INSTRUCTIONS TO FOLLOW » What is needed is the number of lines below that contain the string "Pads", with no other text.

Short web captions:
--- START ---

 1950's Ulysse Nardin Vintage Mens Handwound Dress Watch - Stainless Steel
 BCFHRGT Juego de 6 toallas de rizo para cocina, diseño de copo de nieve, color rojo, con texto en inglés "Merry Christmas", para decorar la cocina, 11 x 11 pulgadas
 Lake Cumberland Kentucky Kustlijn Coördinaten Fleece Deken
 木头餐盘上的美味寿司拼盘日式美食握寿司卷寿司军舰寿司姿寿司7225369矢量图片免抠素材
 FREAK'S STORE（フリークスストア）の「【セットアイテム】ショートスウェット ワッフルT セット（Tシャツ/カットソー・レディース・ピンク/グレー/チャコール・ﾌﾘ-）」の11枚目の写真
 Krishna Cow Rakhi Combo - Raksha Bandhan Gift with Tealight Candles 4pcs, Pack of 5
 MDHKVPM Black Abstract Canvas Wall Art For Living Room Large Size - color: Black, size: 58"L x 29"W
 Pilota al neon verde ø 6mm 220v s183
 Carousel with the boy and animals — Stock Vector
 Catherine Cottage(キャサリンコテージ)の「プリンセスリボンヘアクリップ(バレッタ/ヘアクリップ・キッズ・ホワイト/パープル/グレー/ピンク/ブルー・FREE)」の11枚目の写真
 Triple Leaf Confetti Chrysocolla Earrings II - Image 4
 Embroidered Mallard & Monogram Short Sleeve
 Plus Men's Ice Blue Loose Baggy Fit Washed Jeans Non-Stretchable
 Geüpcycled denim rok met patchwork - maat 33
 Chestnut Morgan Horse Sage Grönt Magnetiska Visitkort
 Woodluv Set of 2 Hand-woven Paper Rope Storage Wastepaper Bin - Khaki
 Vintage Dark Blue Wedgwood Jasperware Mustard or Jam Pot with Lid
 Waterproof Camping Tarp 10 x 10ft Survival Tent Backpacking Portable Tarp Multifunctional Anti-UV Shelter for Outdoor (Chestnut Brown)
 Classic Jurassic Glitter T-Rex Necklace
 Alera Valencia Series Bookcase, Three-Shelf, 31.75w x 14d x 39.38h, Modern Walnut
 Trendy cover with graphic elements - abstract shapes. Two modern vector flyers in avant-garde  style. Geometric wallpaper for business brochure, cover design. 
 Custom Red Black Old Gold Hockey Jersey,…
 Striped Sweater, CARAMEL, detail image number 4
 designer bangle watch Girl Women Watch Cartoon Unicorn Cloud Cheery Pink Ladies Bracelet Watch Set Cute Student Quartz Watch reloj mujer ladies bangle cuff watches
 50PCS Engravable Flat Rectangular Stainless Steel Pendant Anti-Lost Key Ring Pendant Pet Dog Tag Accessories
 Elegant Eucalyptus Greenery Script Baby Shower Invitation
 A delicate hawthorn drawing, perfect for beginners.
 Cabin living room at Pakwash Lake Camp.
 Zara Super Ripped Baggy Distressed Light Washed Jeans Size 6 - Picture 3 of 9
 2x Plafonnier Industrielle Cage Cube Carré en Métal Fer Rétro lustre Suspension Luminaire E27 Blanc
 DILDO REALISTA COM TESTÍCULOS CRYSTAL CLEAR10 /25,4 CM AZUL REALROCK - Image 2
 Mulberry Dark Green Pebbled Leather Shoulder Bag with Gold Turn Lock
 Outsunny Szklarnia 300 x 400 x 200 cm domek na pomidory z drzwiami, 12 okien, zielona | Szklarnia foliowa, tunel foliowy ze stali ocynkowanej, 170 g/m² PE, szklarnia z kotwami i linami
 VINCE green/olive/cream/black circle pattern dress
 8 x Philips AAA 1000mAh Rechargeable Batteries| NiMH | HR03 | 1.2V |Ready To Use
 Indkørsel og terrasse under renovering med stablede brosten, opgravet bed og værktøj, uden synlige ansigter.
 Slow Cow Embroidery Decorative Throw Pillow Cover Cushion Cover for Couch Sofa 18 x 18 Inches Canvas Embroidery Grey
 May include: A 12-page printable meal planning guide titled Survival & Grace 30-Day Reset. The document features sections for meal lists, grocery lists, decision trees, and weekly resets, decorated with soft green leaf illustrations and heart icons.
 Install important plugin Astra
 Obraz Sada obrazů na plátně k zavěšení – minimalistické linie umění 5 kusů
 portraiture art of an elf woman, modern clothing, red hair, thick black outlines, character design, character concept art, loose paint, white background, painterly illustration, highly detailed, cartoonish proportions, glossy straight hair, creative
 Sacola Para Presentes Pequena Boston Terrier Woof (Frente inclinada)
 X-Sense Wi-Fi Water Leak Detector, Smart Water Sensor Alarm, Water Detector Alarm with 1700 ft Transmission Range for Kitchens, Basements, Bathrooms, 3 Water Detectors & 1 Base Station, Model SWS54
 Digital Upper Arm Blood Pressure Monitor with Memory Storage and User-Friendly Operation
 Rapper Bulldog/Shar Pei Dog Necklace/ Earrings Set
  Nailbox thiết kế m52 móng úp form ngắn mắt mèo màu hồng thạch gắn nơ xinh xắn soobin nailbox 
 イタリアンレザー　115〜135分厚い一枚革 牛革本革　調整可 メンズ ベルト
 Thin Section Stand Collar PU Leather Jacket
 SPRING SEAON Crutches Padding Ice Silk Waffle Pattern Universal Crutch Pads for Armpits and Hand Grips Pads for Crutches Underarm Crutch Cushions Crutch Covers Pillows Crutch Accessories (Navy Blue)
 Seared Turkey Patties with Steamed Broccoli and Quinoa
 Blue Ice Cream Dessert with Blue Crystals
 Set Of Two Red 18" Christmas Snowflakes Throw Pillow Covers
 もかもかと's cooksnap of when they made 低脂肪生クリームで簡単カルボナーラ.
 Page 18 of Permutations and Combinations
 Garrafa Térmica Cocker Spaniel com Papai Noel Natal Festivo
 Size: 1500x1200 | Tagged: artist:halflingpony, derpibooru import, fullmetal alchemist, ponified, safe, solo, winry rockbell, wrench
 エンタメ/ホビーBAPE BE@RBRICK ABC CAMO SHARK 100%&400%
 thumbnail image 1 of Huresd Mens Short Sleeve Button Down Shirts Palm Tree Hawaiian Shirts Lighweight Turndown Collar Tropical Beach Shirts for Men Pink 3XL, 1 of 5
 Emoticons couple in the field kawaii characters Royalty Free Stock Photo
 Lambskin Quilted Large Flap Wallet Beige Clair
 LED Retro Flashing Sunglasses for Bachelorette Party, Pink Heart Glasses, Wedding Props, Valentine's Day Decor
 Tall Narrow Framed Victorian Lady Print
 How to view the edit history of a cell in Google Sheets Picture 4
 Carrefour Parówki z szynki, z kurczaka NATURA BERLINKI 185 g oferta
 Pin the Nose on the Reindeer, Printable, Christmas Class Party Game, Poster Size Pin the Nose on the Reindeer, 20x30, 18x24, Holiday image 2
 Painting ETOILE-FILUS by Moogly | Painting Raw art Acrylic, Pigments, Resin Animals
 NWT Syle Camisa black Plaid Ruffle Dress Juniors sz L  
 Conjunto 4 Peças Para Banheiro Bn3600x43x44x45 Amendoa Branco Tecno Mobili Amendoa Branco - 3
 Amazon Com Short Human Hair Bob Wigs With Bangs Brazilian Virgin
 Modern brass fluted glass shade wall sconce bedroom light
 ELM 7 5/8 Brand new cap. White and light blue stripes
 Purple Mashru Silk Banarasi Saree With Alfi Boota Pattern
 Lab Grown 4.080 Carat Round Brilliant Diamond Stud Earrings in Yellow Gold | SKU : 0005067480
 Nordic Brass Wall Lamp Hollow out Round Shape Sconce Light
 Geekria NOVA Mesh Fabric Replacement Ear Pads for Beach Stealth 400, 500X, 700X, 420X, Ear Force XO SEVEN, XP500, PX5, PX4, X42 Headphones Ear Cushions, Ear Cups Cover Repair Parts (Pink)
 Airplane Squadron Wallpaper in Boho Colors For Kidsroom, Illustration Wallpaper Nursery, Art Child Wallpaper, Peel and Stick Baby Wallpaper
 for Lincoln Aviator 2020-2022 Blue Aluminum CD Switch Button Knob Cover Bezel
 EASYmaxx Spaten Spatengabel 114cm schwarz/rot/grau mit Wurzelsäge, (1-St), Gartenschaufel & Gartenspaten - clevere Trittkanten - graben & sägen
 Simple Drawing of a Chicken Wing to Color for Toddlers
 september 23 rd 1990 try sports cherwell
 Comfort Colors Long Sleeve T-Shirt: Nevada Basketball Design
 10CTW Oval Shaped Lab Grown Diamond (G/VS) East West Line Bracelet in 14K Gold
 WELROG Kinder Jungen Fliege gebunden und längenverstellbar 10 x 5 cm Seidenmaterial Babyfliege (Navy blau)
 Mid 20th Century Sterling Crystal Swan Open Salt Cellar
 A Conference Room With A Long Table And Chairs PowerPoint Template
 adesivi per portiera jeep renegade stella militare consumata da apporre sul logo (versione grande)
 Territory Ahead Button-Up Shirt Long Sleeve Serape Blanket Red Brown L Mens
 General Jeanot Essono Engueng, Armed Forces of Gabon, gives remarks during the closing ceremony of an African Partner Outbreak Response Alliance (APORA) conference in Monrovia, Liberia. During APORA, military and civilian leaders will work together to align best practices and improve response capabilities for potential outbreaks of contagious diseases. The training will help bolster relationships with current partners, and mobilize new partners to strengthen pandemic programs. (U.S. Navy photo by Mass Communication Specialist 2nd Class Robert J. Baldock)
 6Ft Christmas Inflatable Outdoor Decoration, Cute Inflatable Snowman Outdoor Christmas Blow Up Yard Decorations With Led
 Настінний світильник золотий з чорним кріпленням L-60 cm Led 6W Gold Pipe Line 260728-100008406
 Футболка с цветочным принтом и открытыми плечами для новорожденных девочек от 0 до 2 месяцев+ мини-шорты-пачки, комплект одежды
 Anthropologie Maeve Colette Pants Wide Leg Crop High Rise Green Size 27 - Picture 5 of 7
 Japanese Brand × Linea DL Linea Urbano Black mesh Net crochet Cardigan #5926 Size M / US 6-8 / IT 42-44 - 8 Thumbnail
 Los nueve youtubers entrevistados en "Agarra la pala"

--- END ---

PROBLEM SOLUTION » 2